MilanoPensa ai ragazzi disperati del Cairo e di Casablanca che partono per l’Europa: «Dovremmo dare loro un segnale, una speranza, evitare che s’imbarchino come clandestini sui barconi che fanno rotta verso la Sicilia». E un’idea don Gino Rigoldi, cappellano del Beccaria, il carcere dei minori di Milano, ce l’ha: «Realizziamo con l’aiuto della Comunità europea e del nostro governo campus per giovani e giovanissimi: un anno di apprendistato nei loro Paesi e poi quei ragazzi saranno pronti per venire in Europa e noi saremo altrettanto pronti ad accoglierli. Un’iniziativa del genere sarebbe una novità importante».
Perché, don Rigoldi?
«Perché il problema è prevenire le tragedie del mare, gli annegamenti, i viaggi della speranza dei clandestini».
In concreto, cosa propone?
«Io prendo in esame due Paesi che più di altri esportano disperati in questo momento: Marocco e Egitto. A questo punto mi chiedo: perché non formare i ragazzi più meritevoli nella loro terra? Fermiamoli prima che partano».
In che modo?
«Basterebbe un anno circa di apprendistato. Un po’ di tecnica, manualità, educazione civica, i primi rudimenti della lingua italiana. Il tempo necessario per sgrezzare quei giovani e trasformarli da potenziale manodopera della criminalità in futuri lavoratori e cittadini».
Ottimista?
«No, realista. Potremmo così selezionare alcune centinaia di aspiranti artigiani e operai nei due Paesi, dare loro un minimo di educazione, di abilità tecnica, poi convogliarli in Italia o in altri Paesi della Ue, magari d’intesa con le associazioni delle imprese. Le nostre aziende, i nostri laboratori hanno bisogno di manodopera qualificata e in questo modo si potrebbe rispondere alle loro esigenze, ma anche dare una chance a giovani senza avvenire».
Quanti studenti potrebbero essere ammessi a questa scuole e con che criteri?
«È chiaro che dovrebbero essere presi i più meritevoli e questi istituti potrebbero essere gestiti da Organizzazioni non governative. L’ampiezza, naturalmente, dipende dai finanziamenti: io credo che con un milione di euro si potrebbe offrire un futuro dignitoso a circa 500 giovani. Si potrebbero creare due o tre centri in Marocco, altrettanti in Egitto».

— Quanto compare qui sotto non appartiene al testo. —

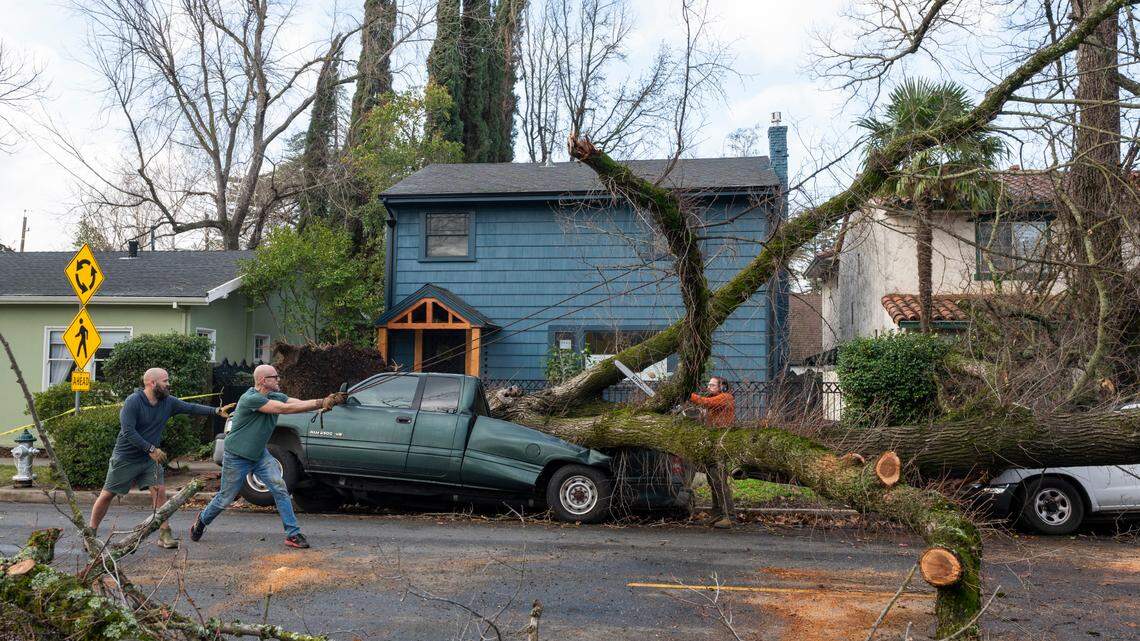 Sacramento faces flood watch and high wind warning. Here’s latest forecast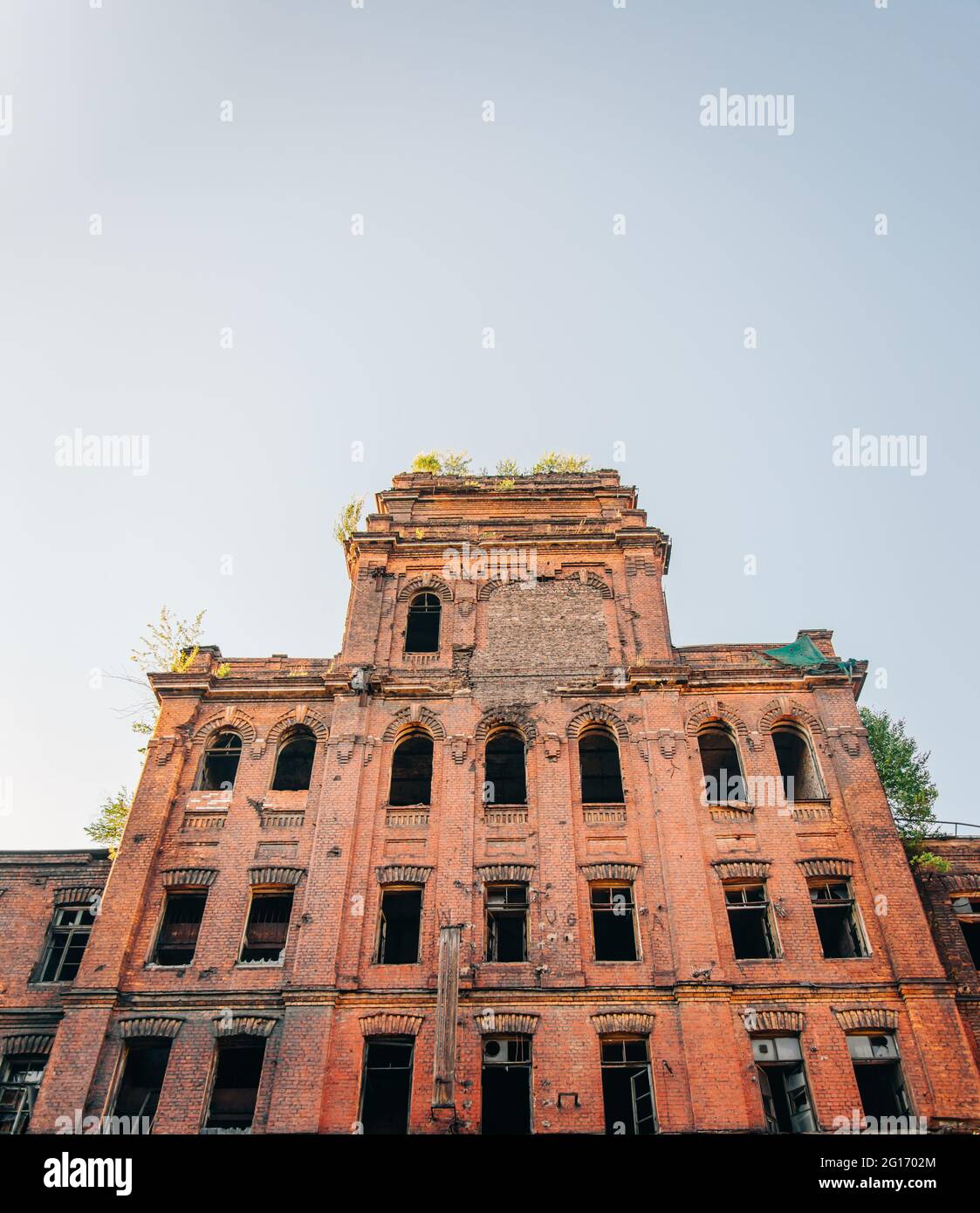 Le bâtiment en brique détruit de l'usine abandonnée 'Triangle Rouge'. Banque D'Images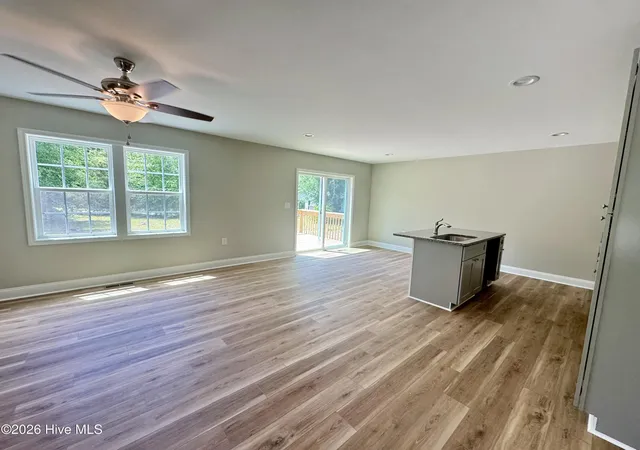 Photo 3 of Single family home for sale at 565 S Glover St, Southern Pines, NC 28387 | MLS# 100556040 | Listing updated on 2026-08-18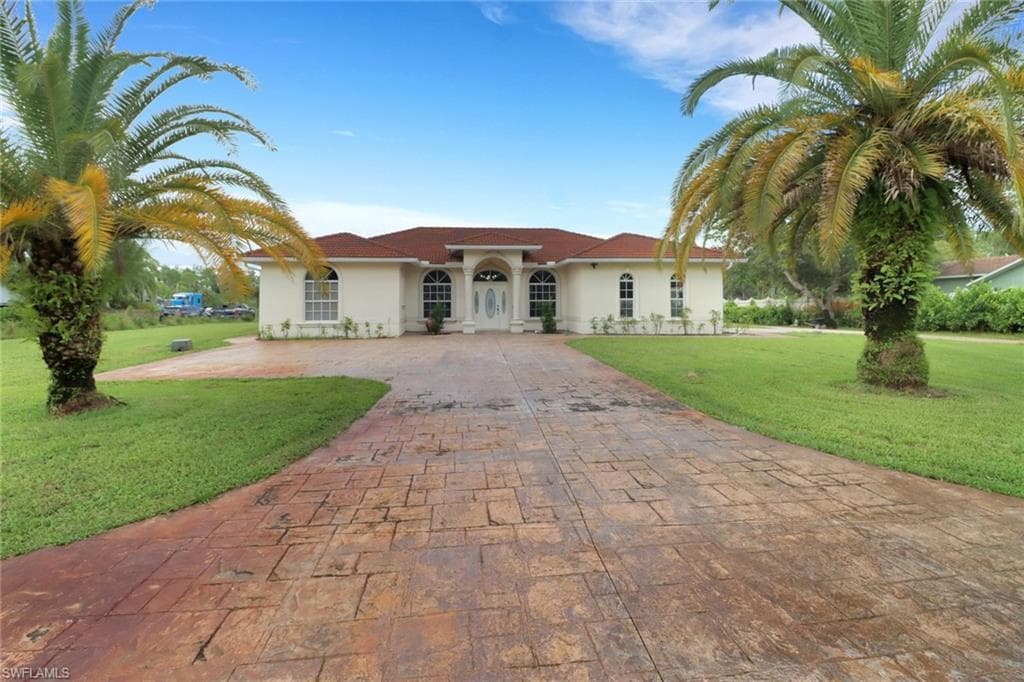 3711 4th Ave SE, Naples, FL 34117-3
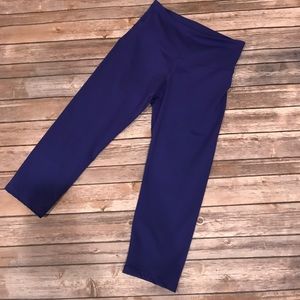 Old navy go dry active purple crops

La fascia d’età cui rivolgersi?
«I diciassettenni, ad un passo dalla maggiore età. Sia chiaro, questa iniziativa non toglierebbe nulla all’attività di contrasto dei clandestini. È irrealistico pensare di poter accogliere tutti, ma proprio per questo sarebbe utile invertire il flusso».
Che vuol dire?
«Appunto fare il contrario di quel che succede: andiamo là, noi europei, e mettiamo le basi di una vita migliore per i giovani di Alessandria o di Tangeri. E questa politica, lungimirante, l’Italia può svilupparla d’intesa con la Ue. La Ue non può far finta di niente e deve aiutare chi come noi è in prima linea e deve fronteggiare un fenomeno così drammatico. Insomma, credo che sia importante saper coniugare gli atteggiamenti giusti: rigore e accoglienza».
Oggi si parla soprattutto di rigore, perché in passato i controlli e i filtri non hanno funzionato.
«Ripeto: è utopia pensare di dare un tetto a tutti, allo stesso tempo perché non innescare un circolo virtuoso? I migliori potrebbero essere aiutati dalla Ue ad uscire dal loro destino di sfortuna e povertà. Oggi questa chance per chi vuole lavorare onestamente e non è un laureato o un tecnico specializzato non esiste.

Ma io dico: diamo questa possibilità e diffondiamo questo contagio positivo. Per questo mi rivolgo al Governo, al Parlamento e alla Ue: non fate cadere questo appello. Realizziamo tutti insieme questi campus e facciamo uscire una generazione senza colpe dai ghetti in cui è confinata».